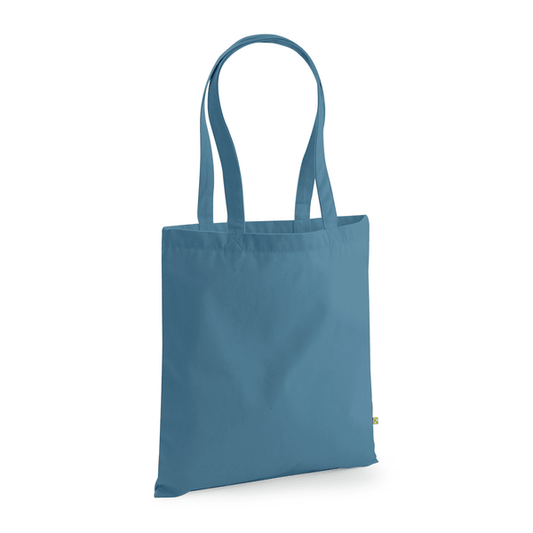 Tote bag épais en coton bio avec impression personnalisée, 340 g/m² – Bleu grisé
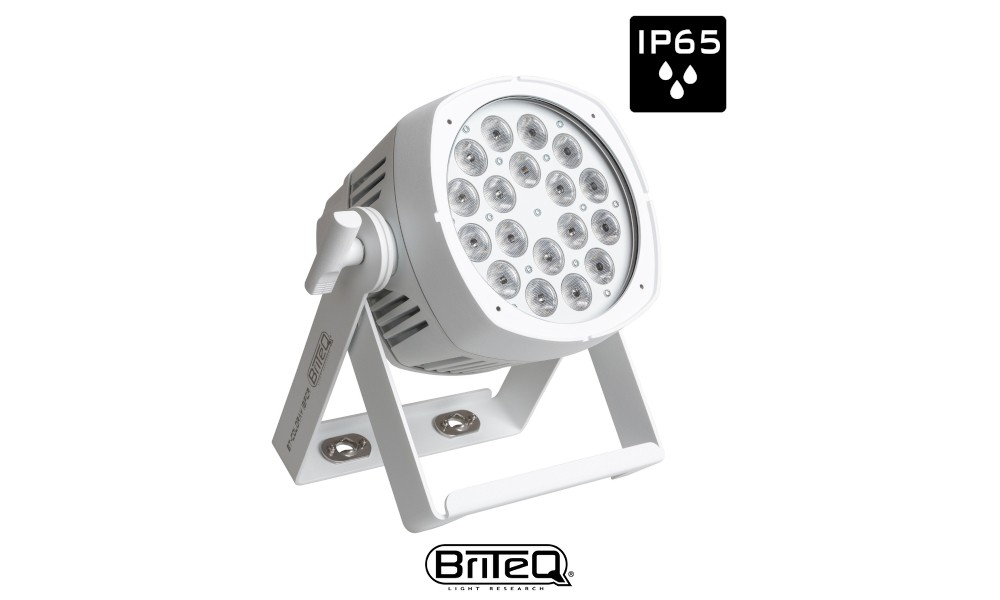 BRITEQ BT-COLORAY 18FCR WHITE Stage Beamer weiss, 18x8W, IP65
_ _ _
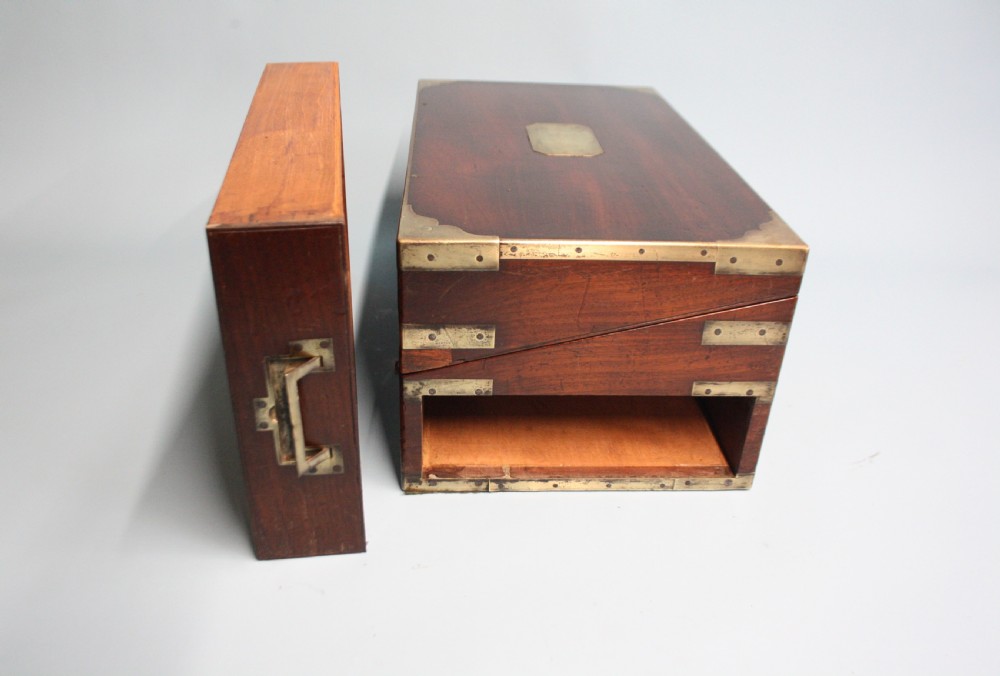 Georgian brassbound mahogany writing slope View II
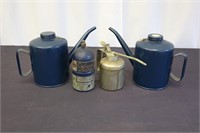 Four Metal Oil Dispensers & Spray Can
_ _ _
» Work required: Write down exactly what the lines above say, from the line holding "Tote bag épais" through the line holding "BRITEQ BT-COLORAY 18FCR", and nothing more. Do not copy the pictures.

» Response below:
 Tote bag épais en coton bio avec impression personnalisée, 340 g/m² – Bleu grisé
 BRITEQ BT-COLORAY 18FCR WHITE Stage Beamer weiss, 18x8W, IP65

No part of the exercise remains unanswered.